Komoriya Satoshi, Kanaya Naoaki, Nagahara Takayasu, Yokoyama Asako, Inamura Kazue, Yokoyama Yukio, Katakura Shin-ichi, Hara Tsuyoshi
Tokyo R&D Center, Daiichi Pharmaceutical Co. Ltd, 16-13, Kita-Kasai 1-Chome, Edogawa-ku, Tokyo 134-8630, Japan.
Bioorg Med Chem. 2004 May 1;12(9):2099-114. doi: 10.1016/j.bmc.2004.02.032.

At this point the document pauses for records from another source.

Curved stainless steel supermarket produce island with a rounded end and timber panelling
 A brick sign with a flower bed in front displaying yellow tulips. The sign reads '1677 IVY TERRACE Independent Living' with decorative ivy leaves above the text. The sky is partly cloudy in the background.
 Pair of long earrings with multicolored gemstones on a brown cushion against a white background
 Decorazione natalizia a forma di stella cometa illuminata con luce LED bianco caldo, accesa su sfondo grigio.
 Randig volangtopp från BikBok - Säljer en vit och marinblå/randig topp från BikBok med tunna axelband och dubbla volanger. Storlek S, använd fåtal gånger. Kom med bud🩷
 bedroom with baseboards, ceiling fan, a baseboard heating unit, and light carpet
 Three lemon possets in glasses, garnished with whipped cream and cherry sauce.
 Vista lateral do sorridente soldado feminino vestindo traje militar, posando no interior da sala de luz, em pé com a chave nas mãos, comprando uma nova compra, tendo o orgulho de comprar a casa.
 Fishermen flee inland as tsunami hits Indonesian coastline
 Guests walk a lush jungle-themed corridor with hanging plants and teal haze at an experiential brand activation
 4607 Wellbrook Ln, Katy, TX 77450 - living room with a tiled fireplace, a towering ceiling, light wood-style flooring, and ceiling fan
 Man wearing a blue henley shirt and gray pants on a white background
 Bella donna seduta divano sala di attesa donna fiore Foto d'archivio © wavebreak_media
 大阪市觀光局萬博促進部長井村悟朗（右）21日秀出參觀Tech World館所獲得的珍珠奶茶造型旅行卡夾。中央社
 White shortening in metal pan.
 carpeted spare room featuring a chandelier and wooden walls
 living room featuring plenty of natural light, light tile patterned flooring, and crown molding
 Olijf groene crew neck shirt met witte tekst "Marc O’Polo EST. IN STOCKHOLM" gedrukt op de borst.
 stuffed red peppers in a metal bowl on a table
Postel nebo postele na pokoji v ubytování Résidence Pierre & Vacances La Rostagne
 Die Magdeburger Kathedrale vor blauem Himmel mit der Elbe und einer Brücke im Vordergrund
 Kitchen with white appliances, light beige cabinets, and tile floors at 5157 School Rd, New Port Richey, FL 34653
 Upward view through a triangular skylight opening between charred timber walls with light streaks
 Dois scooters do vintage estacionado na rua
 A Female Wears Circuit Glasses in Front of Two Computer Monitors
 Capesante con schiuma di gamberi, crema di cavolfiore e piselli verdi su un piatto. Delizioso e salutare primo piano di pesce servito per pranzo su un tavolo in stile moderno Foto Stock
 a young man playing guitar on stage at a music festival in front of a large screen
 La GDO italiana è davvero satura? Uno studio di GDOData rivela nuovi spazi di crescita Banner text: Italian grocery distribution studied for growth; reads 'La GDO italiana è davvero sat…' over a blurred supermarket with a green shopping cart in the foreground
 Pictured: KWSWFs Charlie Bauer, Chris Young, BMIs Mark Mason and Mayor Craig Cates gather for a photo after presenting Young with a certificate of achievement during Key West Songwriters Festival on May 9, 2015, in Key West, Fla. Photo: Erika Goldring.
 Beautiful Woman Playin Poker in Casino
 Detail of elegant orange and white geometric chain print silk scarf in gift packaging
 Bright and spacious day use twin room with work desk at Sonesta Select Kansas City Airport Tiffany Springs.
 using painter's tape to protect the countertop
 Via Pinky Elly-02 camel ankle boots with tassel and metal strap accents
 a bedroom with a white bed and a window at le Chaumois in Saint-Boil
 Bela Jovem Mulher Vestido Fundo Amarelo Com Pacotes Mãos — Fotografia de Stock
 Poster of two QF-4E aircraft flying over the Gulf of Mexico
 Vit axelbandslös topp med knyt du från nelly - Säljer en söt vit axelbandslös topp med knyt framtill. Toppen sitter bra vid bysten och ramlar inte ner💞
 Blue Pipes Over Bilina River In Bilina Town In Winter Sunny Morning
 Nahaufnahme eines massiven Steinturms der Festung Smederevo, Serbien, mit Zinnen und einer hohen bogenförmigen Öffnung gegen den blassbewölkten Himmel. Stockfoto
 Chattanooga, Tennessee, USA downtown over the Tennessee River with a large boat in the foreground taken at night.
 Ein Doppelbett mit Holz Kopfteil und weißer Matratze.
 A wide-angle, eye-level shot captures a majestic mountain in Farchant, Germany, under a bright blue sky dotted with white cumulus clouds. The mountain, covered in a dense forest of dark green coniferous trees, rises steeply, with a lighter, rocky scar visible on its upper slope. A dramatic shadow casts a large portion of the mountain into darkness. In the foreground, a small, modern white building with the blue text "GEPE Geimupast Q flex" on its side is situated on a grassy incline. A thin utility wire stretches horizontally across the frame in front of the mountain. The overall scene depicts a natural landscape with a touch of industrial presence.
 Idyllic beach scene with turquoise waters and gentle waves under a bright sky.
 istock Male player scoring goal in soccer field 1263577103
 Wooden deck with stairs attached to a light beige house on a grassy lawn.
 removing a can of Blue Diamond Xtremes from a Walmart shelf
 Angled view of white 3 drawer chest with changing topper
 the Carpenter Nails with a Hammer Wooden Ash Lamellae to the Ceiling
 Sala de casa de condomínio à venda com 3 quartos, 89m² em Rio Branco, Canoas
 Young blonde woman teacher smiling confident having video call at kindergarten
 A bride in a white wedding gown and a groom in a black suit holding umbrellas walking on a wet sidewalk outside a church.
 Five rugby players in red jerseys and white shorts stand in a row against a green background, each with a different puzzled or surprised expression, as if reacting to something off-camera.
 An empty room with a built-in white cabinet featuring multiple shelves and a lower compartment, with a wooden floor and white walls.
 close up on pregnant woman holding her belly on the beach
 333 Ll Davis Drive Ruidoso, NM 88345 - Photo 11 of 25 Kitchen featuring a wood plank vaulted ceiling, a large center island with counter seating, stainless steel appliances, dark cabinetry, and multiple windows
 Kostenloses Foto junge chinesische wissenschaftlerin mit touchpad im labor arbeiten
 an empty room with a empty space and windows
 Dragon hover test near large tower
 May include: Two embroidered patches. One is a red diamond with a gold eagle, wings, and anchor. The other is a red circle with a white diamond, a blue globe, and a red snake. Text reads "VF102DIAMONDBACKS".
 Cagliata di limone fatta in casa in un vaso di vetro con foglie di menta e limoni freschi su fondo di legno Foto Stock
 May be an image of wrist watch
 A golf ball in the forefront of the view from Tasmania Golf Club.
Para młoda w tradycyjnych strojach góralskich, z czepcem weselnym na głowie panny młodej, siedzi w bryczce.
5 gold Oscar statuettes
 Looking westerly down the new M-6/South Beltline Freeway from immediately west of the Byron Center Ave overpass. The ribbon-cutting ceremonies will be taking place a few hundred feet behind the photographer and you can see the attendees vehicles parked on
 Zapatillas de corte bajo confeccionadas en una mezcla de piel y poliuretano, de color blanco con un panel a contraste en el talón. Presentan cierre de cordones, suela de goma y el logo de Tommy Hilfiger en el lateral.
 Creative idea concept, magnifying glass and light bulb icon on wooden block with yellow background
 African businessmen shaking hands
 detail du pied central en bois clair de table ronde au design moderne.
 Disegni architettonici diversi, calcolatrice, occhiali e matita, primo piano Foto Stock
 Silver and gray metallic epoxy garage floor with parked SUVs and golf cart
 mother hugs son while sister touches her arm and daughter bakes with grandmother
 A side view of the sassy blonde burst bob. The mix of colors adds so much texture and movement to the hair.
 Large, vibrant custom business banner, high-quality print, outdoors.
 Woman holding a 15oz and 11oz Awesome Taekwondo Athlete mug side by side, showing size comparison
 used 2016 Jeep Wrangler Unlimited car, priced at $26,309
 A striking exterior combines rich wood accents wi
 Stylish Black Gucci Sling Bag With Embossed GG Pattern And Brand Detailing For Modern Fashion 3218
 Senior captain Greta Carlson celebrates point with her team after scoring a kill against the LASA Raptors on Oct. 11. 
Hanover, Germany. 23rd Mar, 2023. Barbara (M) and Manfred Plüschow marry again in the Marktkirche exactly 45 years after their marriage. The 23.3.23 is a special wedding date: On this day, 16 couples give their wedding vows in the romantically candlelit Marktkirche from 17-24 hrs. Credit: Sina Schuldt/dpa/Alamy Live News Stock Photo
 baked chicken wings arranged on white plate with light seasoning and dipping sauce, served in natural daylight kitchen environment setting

Since factor Xa (fXa) plays a pivotal role in the blood coagulation cascade, inhibition of fXa is thought to be an effective treatment for a variety of thrombotic events. (2S)-2-[4-[[(3S)-1-Acetimidoyl-3-pyrrolidinyl]oxy]phenyl]-3-(7-amidino-2-naphthyl)propanoic acid hydrochloride pentahydrate (DX-9065a) was previously found in our laboratory as a novel orally active factor Xa inhibitor. DX-9065a exhibits a strong inhibitory activity toward fXa by occupying the substrate recognition (called S1) sites and aryl binding sites of fXa. Herein we describe conversions of the amidinonaphthalene and the acetimidoylpyrrolidine moieties of DX-9065a. Some compounds showed remarkably increased in vitro anti-factor Xa and PRCT activities compared with those of DX-9065a. The most promising compound 38 showed four times the prolongation of APTT against DX-9065a after oral administration to rats.
由于凝血因子Xa(fXa)在血液凝固级联反应中起关键作用,抑制fXa被认为是治疗多种血栓形成事件的有效方法。(2S)-2-[4-[[(3S)-1-乙酰亚胺基-3-吡咯烷基]氧基]苯基]-3-(7-脒基-2-萘基)丙酸盐酸盐五水合物(DX-9065a)先前在我们实验室中被发现是一种新型口服活性凝血因子Xa抑制剂。DX-9065a通过占据fXa的底物识别(称为S1)位点和芳基结合位点,对fXa表现出强大的抑制活性。在此我们描述了DX-9065a的脒基萘和乙酰亚胺基吡咯烷部分的转化。与DX-9065a相比,一些化合物在体外表现出显著增强的抗凝血因子Xa活性和PRCT活性。最有前景的化合物38在对大鼠口服给药后,其活化部分凝血活酶时间(APTT)延长倍数是DX-9065a的四倍。